# 911 possible udder prb gangrene?



## SherrieC (Oct 26, 2007)

A first freshener was Kicking like the devil. I got her udder milked out, and then when I could see her teats as they were a little close to the leg when I first started. She has what I think is frostbite. I'll go get a photo in a min. its is angry RED Chapped looking just the left Teat but both of her teats are very swollen, they were swollen yesterday also, but I just thought Hormonal? as her whole udder is very edemic?(sp) She did have two lysignin shots, first shot of Lysignin was on 12/30 I cant remember for sure what day the second but all Maidens goat their second shot this weekend. 5 cc's. Today I gave her 1/2 cc of oxytocin, and 1 cc of Benamine as she's in pain. 
If it is gangrene (i'll be back in with temp and photo) I'll need a list of Meds to take with her I'm going to SEE if the Vet will Look at a goat, if not maybe he'll let me buy the meds. and what if its frostbite? 
Darn shame too, this is one of our High appraising LA babies, with a gorgeous showable udder. I am Swamped literally 5 does kidded yesterday I'm ht 2 gals of columstrom.


----------



## Guest (Jan 21, 2009)

What's red? The teats/udder or the milk?

Are you that cold there? I haven't ever had frostbite on any goats and we have been -30 for almost 2 weeks.

Sara


----------



## Guest (Jan 21, 2009)

Was there any gas in the udder? Gangren mastsis always has gas in the udder. Since its the methane that the bacteria produses. What to me it sounds like it you have a case of frostbite. Since, both teats are swollwen and not the udder. With frostbite...you have two options...you can try to save the teats...which takes forever and a day. Or cut your losses now.


Ken


----------



## SherrieC (Oct 26, 2007)

http://bryrpatch.com/Rhythm.htm
photo's at bottom Temp 102.4 brb Nikki's crowning


----------



## SherrieC (Oct 26, 2007)

Just fresh as of yesterday, it never got colder then -23 but, I think I did NOT have her dried off good yesterday, as Kissie was kidding at the same time. and I was in a hurry. No blood in milk, Her teats feel just like a frost bitten ear "thick," Her temp Normal
Ken gas in the udder? how would I know? would it bubble? I've not ever dealt with either situation. Poor baby If I caused this Shame on Me!! what is the treatment? As I'ld rather go that route. If that doesn't cut your losses involves green bands, correct.


----------



## SherrieC (Oct 26, 2007)




----------



## Guest (Jan 21, 2009)

You would know if there was gas in the udder. Ner milk is normal, as is her temp so I am going to agree with Ken. It looks like frostbite to me.

Sara


----------



## SherrieC (Oct 26, 2007)

oh no my poor baby. It was swollen the first time I milked her but Not red.


----------



## Sondra (Oct 25, 2007)

are you milking her by machine if so then just milk her by hand not sure what you do for frostbite.


----------



## Ravens Haven (Oct 26, 2007)

Did you use Fightbac on her?


----------



## NubianSoaps.com (Oct 26, 2007)

Obviously I have no idea how to treat frostbite  But you can also think about mechanically taking the milk out of the udder with catheters, so the teat can heal, as long as you are super clean you can do it for weeks. There are even indwelling bees waxs ones you can insert and have them wear so the teat does not close down into itself. Vicki


----------



## [email protected] (Oct 26, 2007)

Just musing here, but frostbite is healed mostly through time as the layers of the skin die and then shed away. I have to go herbal here, since I don't know of any treatments...I know of two things that are very good for skin healing and that would vit e and comfrey. Perhaps a poultice would be in order. I would also watch out for infection around the area. Frostbite is supposed to be very painful. Perhaps you could be prepared with some banamine as a just in case. Also, since her udder skin is compromised I would watch out for mastitis. If you can't squeeze her udder, maybe an udderly ez thing might help you. Wish I could help you more, but obviously have no experience.


----------



## dq (Aug 15, 2008)

SherrieC said:


> cut your losses involves green bands, correct.

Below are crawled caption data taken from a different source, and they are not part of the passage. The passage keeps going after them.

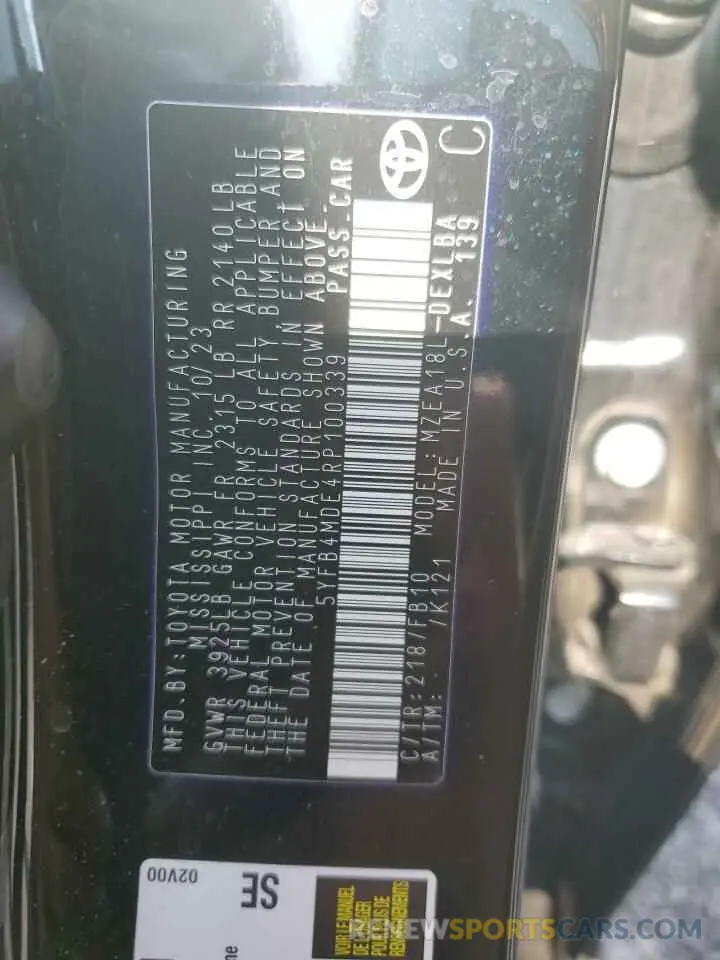 12 fotografías del automóvil dañado 5YFB4MDE4RP100339 TOYOTA COROLLA 2024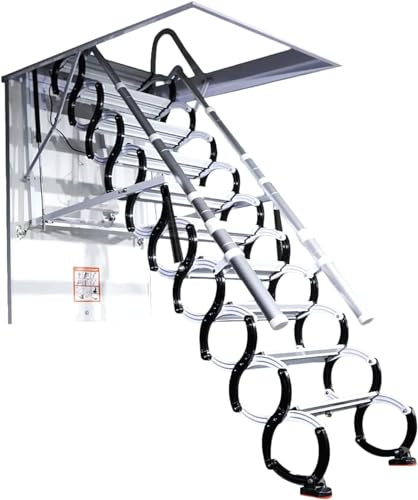 Electric Loft Ladder Alloy steel Remote Control Attic Stairs Telescoping Ladder Ceiling Folding Ladder Pull Down Attic Ladder Stealth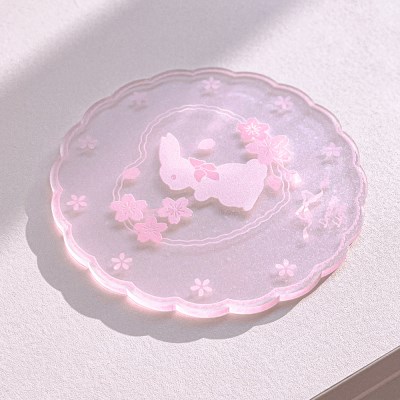 Cherry blossom rabbit  acrylic coaster
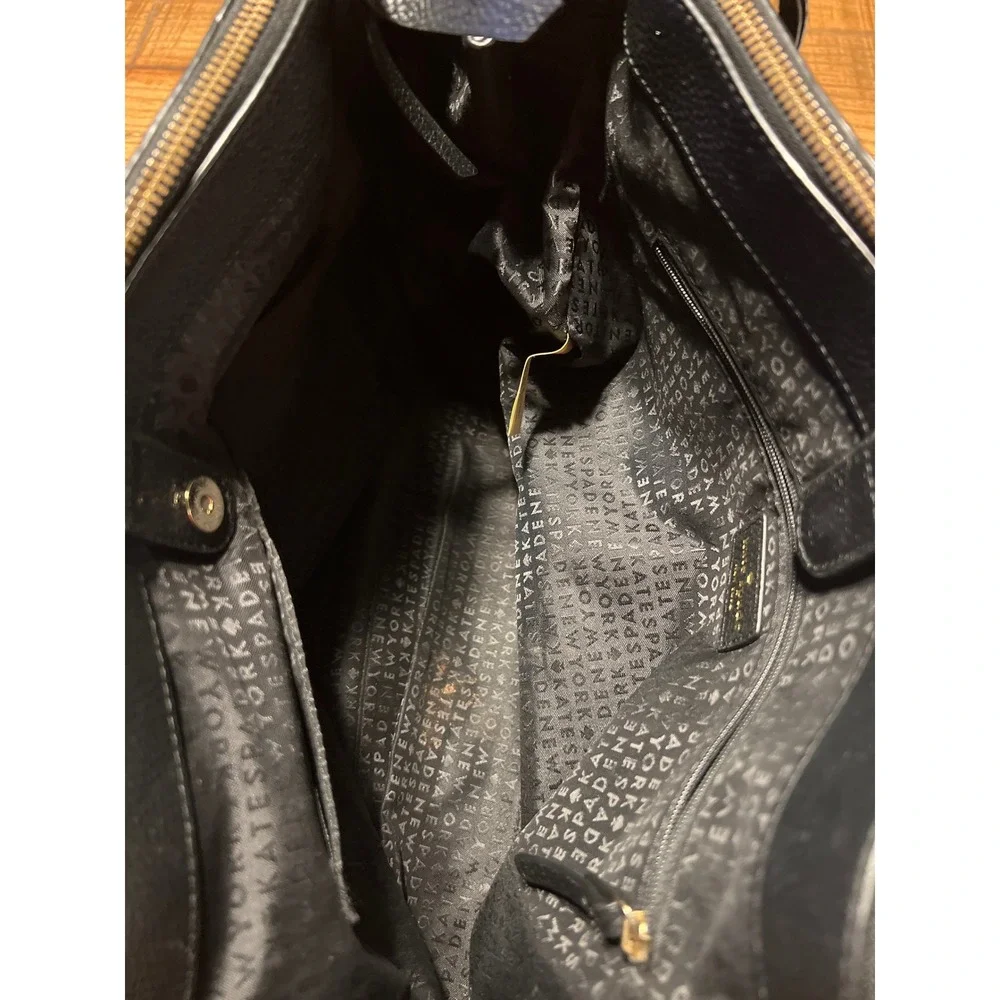 Kate Spade New York Black Leather Satchel Bag Gold Hardware‎ Shoulder Strap Chic
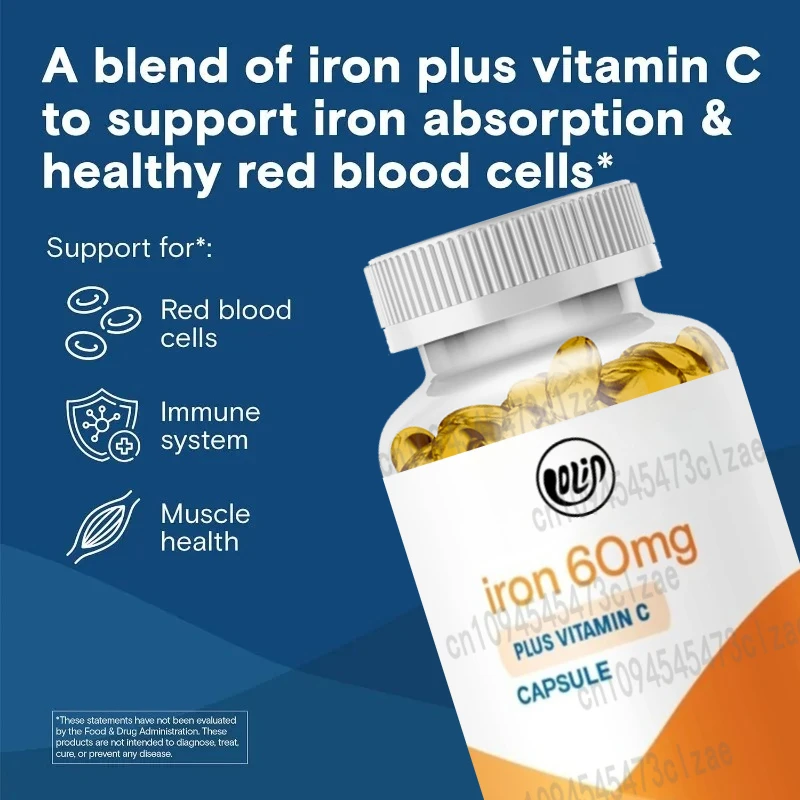 Iron Supplement, Containing Vitamin C | Ferrous Fumarate Vitamin, Free of Gluten, Dairy Products, and Soybeans | 60 Capsules
Iron Supplement, Containing Vitamin C | Ferrous Fumarate Vitamin, Free of Gluten, Dairy Products, and Soybeans | 60 Capsules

does this mean amputation of the teat with a castration band? just wondering for future reference.


----------



## Sondra (Oct 25, 2007)

yep that is what that means but boy I would try to save this doe and use Vicki's idea of candula's and also Jo use of comphrey Aloe Vera gel would work great for this as it is not only healing but helps with pain If it blisters don't break them if possible. This is recommended for people with frostbite.


----------



## Faithful Crown Nubians (Dec 5, 2007)

Hope she heals up ok. Never had to deal with frostbite before, so I can't be of any help.


----------



## Guest (Jan 22, 2009)

Frostbite is a PAIN to treat. It will take about a month till they are feeling comfortable. You can get them though it, its just a HARD rocky road and hope you plan on using drugs. 

First off....keep milking her no matter how much she will kick, scream, bite, and run from you. That keeps the tissue in flexable. If you go the milk tube route, then all you are doing is opening the mammary to infection. These can be done....IF you know how to insert them and you are as clean as the Pope. I never use a milk tube over a few times. Since there is a good chance that you can ruin the teat canel.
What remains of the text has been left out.